Unnamed: 0,namelast,namefirst,namemid,uin,bdgnbr,access_type,toa,poa,tod,pod,...,terminal_suffix,visitee_namelast,visitee_namefirst,meeting_loc,meeting_room,caller_name_last,caller_name_first,caller_room,description,releasedate
15183,POWELL,JEREMY,W,U25295,181014.0,VA,5/27/2021 8:24,K0101,,,...,CC,Cooper,Charles,NEOB,3202,COOPER,CHARLES,,,8/30/2021
14710,SAMSON,WILLIAM,E,U25068,,VA,,,,,...,ET,Teleky,Ed,WH,EW 206,TELEKY,EDWARD,,,8/30/2021
14723,WILCOXSON,MARTHA,L,U25238,,VA,,,,,...,DV,,POTUS,WH,EW206,VIA,DANIEL,,,8/30/2021
14722,WILCOXSON,ANTHONY,L,U25238,,VA,,,,,...,DV,,POTUS,WH,EW206,VIA,DANIEL,,,8/30/2021
14721,WHITMAN,RALPH,E,U25238,,VA,,,,,...,DV,,POTUS,WH,EW206,VIA,DANIEL,,,8/30/2021


### Real dates

In [11]:
date_cols = [
    "appt_made_date",
    "appt_start_date",
    "appt_end_date",
    "appt_cancel_date",
    "releasedate",
]

In [12]:
src[date_cols] = src[date_cols].applymap(lambda x: pd.to_datetime(x))

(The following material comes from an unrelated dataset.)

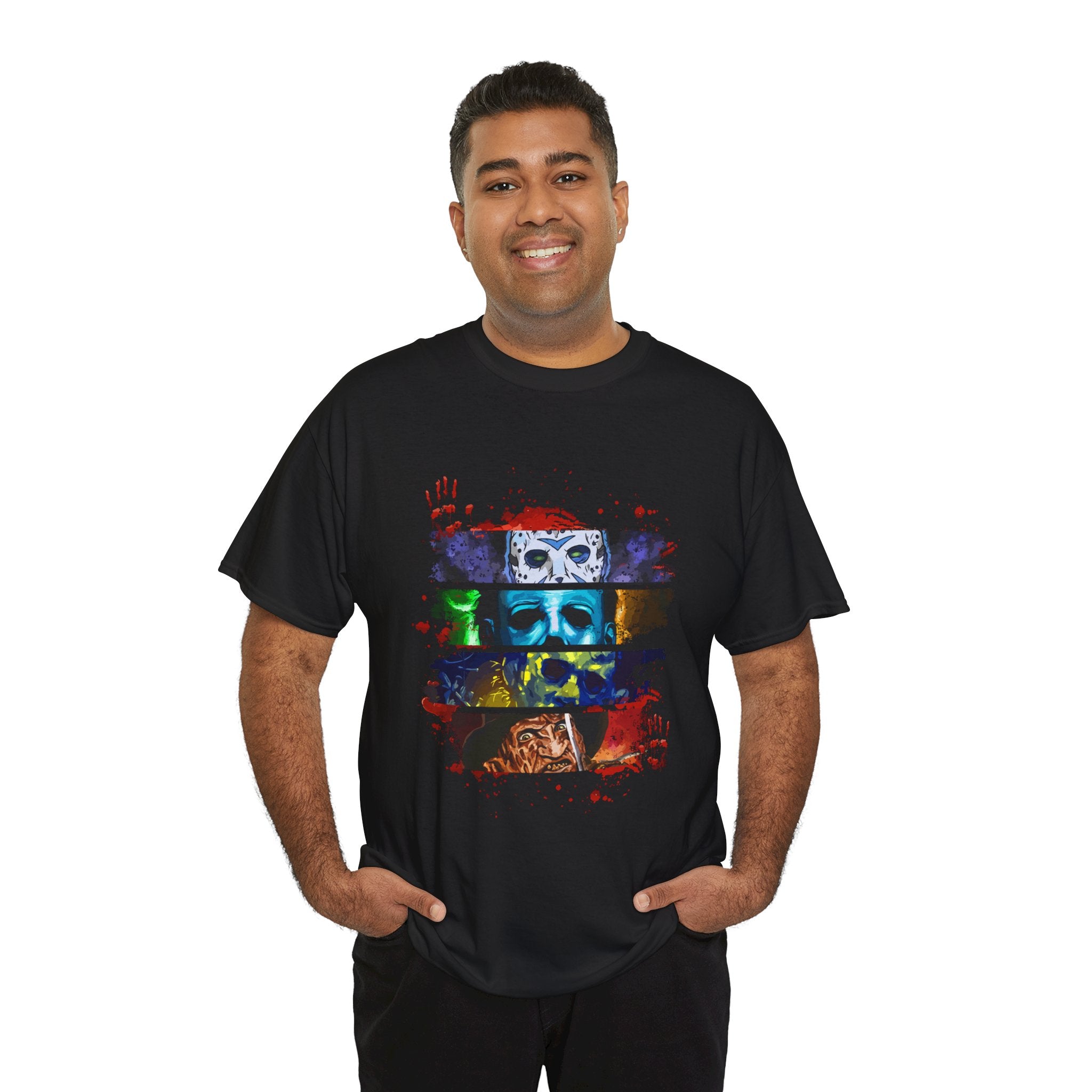 Skull Spectrum T-Shirt — Colorful Horror Graphic Tee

### The dataframe has inconsitent casing. Let's make it all upper for grouping later. 

In [13]:
src[
    [
        "namelast",
        "namefirst",
        "namemid",
        "uin",
        "access_type",
        "toa",
        "poa",
        "tod",
        "pod",
        "last_updatedby",
        "post",
        "lastentrydate",
        "terminal_suffix",
        "visitee_namelast",
        "visitee_namefirst",
        "meeting_loc",
        "meeting_room",
        "caller_name_last",
        "caller_name_first",
        "description",
    ]
] = src[
    [
        "namelast",
        "namefirst",
        "namemid",
        "uin",
        "access_type",
        "toa",
        "poa",
        "tod",
        "pod",
        "last_updatedby",
        "post",
        "lastentrydate",
        "terminal_suffix",
        "visitee_namelast",
        "visitee_namefirst",
        "meeting_loc",
        "meeting_room",
        "caller_name_last",
        "caller_name_first",
        "description",
    ]
].apply(
    lambda x: x.astype(str).str.upper()
)

In [14]:
df = src.copy()

---

## Exports

In [15]:
today = dt.date.today().strftime("%m-%d-%Y")

In [16]:
df.to_csv("data/processed/log_" + today + ".csv", index=False)
df.to_csv("data/processed/log_latest.csv", index=False)
src.to_csv("data/raw/log_" + today + ".csv", index=False)